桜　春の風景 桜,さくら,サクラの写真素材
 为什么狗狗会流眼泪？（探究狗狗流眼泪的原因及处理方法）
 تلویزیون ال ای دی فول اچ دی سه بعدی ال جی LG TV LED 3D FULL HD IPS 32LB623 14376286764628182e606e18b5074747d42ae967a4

===============

## Exercise requirements
The complete material should be output once more, word for word.

## Answer
桜　春の風景 桜,さくら,サクラの写真素材
 为什么狗狗会流眼泪？（探究狗狗流眼泪的原因及处理方法）
 تلویزیون ال ای دی فول اچ دی سه بعدی ال جی LG TV LED 3D FULL HD IPS 32LB623 14376286764628182e606e18b5074747d42ae967a4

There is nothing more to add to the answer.